Within the entries below, please return exactly the lines from the one with "adult pitbull with" through the one with "palm tree on a beach at sunset", leaving out any pictures.
── DATA SUPPLIED ──
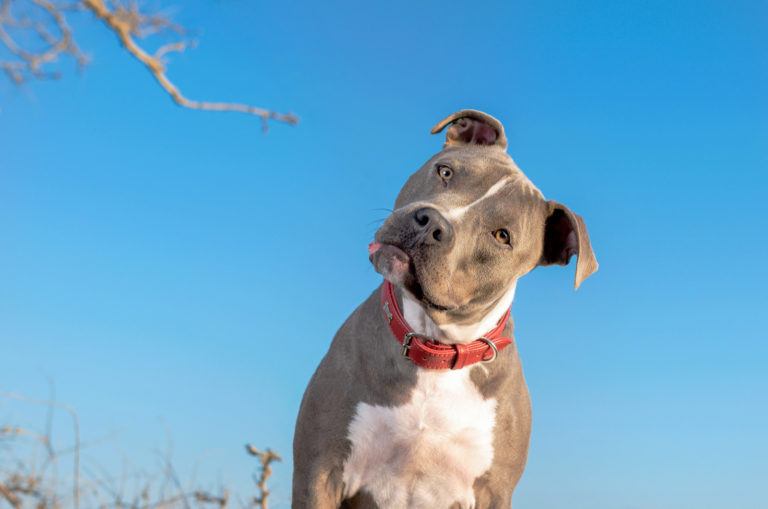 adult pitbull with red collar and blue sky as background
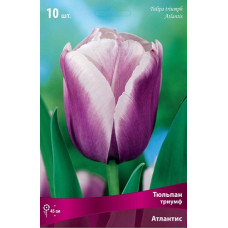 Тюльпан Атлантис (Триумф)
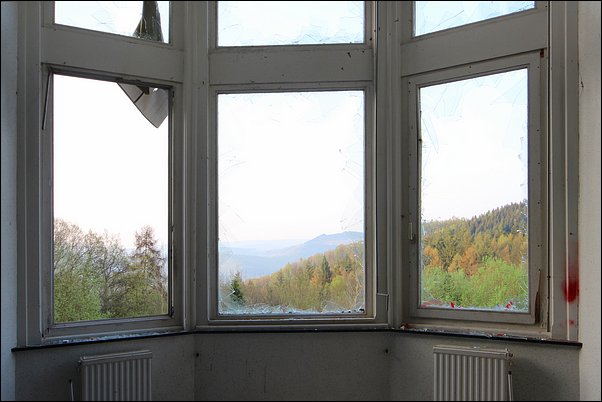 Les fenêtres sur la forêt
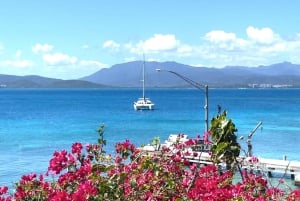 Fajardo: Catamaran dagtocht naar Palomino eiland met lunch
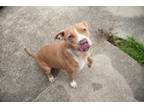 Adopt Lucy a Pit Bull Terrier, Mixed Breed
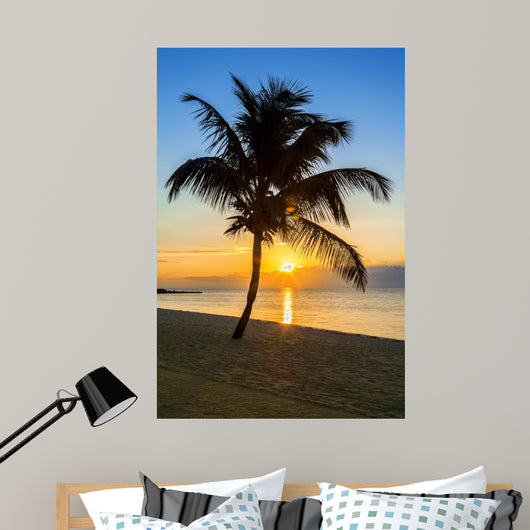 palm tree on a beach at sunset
───
── DATA SUPPLIED ──
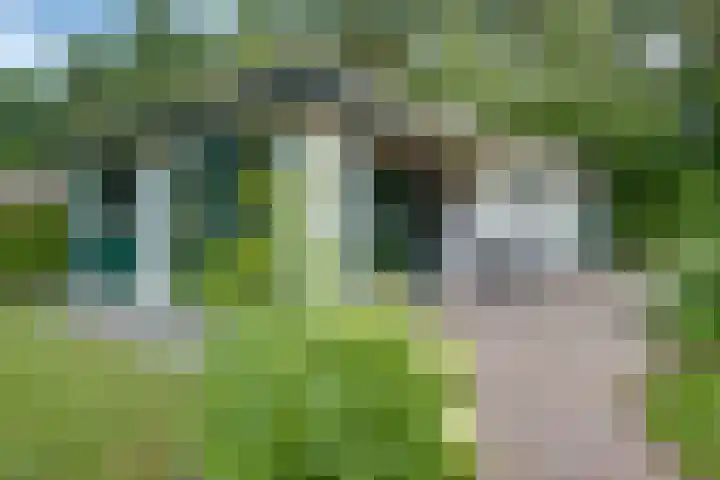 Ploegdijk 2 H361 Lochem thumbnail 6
───
YOUR SOLUTION:
 adult pitbull with red collar and blue sky as background
 Тюльпан Атлантис (Триумф)
 Les fenêtres sur la forêt
 Fajardo: Catamaran dagtocht naar Palomino eiland met lunch
 Adopt Lucy a Pit Bull Terrier, Mixed Breed
 palm tree on a beach at sunset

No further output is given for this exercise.